··· EXERCISE DATA ···
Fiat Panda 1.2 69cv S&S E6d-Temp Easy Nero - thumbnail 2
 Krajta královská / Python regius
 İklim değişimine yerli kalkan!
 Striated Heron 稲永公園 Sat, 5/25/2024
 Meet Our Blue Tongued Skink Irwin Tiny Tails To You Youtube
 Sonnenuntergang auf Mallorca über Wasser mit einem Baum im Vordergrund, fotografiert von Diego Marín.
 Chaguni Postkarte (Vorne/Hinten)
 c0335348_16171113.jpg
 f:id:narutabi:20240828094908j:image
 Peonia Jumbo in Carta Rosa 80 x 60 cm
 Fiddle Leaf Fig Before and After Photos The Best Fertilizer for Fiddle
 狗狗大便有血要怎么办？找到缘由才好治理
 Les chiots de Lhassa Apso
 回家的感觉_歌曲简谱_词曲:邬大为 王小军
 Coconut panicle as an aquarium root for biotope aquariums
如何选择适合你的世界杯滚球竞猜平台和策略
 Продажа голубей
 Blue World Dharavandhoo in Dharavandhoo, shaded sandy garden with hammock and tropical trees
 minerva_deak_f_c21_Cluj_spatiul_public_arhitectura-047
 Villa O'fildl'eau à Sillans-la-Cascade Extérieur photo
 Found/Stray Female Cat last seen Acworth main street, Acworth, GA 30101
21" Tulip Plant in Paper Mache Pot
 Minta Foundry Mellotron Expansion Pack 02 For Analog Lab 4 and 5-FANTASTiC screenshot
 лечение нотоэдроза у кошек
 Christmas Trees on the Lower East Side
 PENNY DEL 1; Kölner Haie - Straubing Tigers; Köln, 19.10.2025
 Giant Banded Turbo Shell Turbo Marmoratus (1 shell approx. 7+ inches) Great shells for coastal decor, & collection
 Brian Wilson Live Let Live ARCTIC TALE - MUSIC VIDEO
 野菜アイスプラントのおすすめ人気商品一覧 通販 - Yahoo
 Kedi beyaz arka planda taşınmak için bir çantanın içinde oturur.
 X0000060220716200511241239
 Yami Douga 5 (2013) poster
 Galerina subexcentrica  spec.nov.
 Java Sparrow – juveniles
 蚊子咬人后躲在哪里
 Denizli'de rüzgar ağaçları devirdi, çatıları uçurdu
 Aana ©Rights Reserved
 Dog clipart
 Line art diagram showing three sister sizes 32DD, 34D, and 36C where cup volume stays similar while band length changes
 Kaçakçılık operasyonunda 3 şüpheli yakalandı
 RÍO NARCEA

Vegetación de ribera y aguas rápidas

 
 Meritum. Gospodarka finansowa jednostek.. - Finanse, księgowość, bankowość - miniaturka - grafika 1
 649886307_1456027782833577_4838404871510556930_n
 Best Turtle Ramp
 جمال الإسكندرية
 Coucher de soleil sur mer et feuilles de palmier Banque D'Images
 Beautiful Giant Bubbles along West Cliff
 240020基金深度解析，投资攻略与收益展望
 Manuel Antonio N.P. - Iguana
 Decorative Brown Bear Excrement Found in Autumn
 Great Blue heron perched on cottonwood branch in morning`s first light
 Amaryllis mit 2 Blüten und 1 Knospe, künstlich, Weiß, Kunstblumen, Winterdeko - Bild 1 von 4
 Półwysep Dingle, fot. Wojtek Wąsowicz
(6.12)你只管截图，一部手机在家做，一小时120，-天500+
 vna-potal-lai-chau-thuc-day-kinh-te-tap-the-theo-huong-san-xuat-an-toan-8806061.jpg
···
Could you copy out every line in the material above that contains the string "Great"?

 Giant Banded Turbo Shell Turbo Marmoratus (1 shell approx. 7+ inches) Great shells for coastal decor, & collection
 Great Blue heron perched on cottonwood branch in morning`s first light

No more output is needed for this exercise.